Следующий час она потратила на горячий почти обжигающий душ. Она скребла кожу до красноты, словно это могло спасти ее от оживших страхов. Зубы ее стучали, как в ознобе, голова кружилась. Она потеряла бы сознание, если бы не Лиза, которая почувствовав неладной, ворвалась в ванную и вытащила ее из горячей воды. Бережно обтерев подругу махровым полотенцем, женщина проводила ее в спальню и уложила в постель.
— Я принесу чай. — Поцеловав ее в лоб, сказала Озерова. Кристина чуть не расплакалась, чувствуя себя виноватой перед Лизой. Ей бы хотелось излечиться и порадовать ее, но …. Ей всегда что-то мешало. Какой-то сломанный механизм внутри нее не желала заводиться. И его нельзя было заменить или вставить новые батарейки. Кристина понимала, что ей придется жить с этим всегда. Но ведь бывает и хуже. И люди выживают, начинают все с нуля. Лишившись рук, начинают рисовать ногами, она даже знала одного такого художника. Они вместе выставлялись в Париже три года назад. И этот мужчина казался абсолютно счастливым.
— Лиз. — Позвала Кристина, натягивая одеяло до горла. Озерова нежно улыбнулась, присаживаясь рядом и протягивая подруге чашку с чаем. — Ты помнишь Пьера?
— Да, Крис, конечно, помню.
— Он потерял жену, двоих детей, стал калекой, но нашел в себе силы жить. Как ты думаешь, он действительно счастлив или это такая маска?
— Нет, Пьер счастливый человек. Он потерял много, но много и приобрел. Он — молодец.
— Почему я так не могу? — задала Кристина вопрос, который мучил ее больше всего. Лиз внимательно посмотрела в ее бледное лицо, обрамленное темными с седыми прядями волосами.
— Можно лишиться ног, рук, семьи, и ничто и никто не заменит этой потери, но даже в таком случае человек учиться приспосабливаться, довольствовать малым, принимать жизнь такой, как она есть. Но, если лишаешься души, то выход только один. Найти ее, вернуть.
— Как?
— Не как, а где.
— И где же моя душа?
— Там, где ты ее оставила. — Произнесла Лиза, поднимаясь на ноги. Кристина обожгла язык горячим чаем.
— И где же я ее, по-твоему, оставила? И что-то я не припоминаю, чтобы психотерапевты заговаривали о душе. Неужели ты веришь в то, что говоришь?
— Тебе нужно, чтобы я это сказала. Ты никогда не говорила о произошедшем, только под гипнозом. Ты должна научиться доверять людям, быть искренней с ними. Выговорись, расскажи мне все сама. С самого начала. Станет легче, поверь.
— Нет. — Отрицательно качнула головой Кристина. Лиз лишь печально улыбнулась. — Мне не станет легче, а ты и так все знаешь.
— Ты должна выплеснуть свои чувства, понимаешь? Под гипнозом все не так, ты не помнишь, о чем рассказывала, что при этом чувствовала. Это не настоящее. Только живые эмоции могут воскресить тебя. И я думаю, что, не смотря на то, что сейчас в твоей болезни наметился рецидив, все к лучшему. Нужно было привезти тебя раньше. Переболев все снова, ты не сгоришь, а восстанешь….

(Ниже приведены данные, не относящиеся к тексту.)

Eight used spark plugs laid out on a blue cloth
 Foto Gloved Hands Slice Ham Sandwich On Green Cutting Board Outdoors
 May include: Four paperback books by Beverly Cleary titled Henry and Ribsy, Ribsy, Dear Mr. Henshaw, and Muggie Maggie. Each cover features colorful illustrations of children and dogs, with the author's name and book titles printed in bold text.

— Как птица Феникс. — Усмехнулась Кристина. — Из пепла. Ты романтик, Лиз. Я нет. И нет у меня никаких чувств, ни настоящих, ни искусственных.
— Нет, не думаю. Хочешь поговорить о сегодняшнем дне?
— Нет.
— Это необходимо, милая.
— Я не хочу. — Категорично тряхнула волосами Монахова.
— Ты в ярости. Это хорошо. Выплесни ее, можешь, кричать, если хочешь, но только не замыкайся, не заталкивай свою боль внутрь.
— Да, черт возьми, я в ярости. А как иначе? — глаза девушки метали молнии, она с грохотом поставила чашку на прикроватный столик, выплеснув часть содержимого. — Я ожидала совсем другого. Я думала, что ненависть испепелит меня. Что я увижу прежнего Майкла Риса, такого, каким я помню его. Холодного, жестокого, непробиваемого, неуправляемого в своем гневе, несдержанного, пошлого. Столько лет он был для меня страшным чудовищем, демоном из ада. Но он вдруг заявляет, что сожалеет, он, блин, раскаивается. И я не верю ему. Меня просто трясет от гнева. Как он смеет, вообще, говорить со мной. Я ведь уверена, что он жалеет только о том, что я не умерла тогда. Ведь именно этого он добивался. Моей смерти. Он не думал, что ему снова придется столкнуться лицом к лицу со своей жертвой. Майкл Рис похоронил меня восемь лет, но я осмелилась воскреснуть. Я жива, Лиз, и именно об этом неприятном факте он жалеет больше всего.